* WORK TO COMPLETE
If a line includes "image", copy it out of the entries.
= Beginning of Section =
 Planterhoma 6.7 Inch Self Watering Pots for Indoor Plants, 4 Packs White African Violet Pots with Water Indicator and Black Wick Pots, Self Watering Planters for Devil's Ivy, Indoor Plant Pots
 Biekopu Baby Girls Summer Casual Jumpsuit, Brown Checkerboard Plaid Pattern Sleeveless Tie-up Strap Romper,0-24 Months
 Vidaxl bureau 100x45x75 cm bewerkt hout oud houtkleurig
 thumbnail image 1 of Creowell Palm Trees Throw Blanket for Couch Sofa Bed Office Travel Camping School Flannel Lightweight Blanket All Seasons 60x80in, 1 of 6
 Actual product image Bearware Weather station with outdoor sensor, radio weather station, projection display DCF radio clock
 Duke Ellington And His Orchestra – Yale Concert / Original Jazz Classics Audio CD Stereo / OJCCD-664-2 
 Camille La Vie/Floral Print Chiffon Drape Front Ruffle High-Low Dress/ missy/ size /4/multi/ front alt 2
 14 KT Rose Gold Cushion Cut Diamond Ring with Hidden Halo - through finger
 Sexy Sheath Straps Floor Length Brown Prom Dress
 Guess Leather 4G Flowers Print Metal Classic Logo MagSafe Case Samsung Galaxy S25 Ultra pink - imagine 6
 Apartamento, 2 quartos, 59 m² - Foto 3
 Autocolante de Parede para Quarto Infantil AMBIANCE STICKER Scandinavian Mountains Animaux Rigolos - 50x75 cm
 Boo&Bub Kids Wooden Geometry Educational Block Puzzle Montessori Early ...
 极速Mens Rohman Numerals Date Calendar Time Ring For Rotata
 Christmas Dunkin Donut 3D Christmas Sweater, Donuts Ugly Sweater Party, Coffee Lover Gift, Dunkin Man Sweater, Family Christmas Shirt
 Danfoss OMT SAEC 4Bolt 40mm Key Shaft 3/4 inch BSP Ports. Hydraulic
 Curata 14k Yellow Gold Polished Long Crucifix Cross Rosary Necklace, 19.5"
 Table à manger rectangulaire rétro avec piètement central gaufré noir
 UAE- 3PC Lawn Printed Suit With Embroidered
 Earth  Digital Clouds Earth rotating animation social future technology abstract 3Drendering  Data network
= End of Section =
* RESPONSE
 thumbnail image 1 of Creowell Palm Trees Throw Blanket for Couch Sofa Bed Office Travel Camping School Flannel Lightweight Blanket All Seasons 60x80in, 1 of 6
 Actual product image Bearware Weather station with outdoor sensor, radio weather station, projection display DCF radio clock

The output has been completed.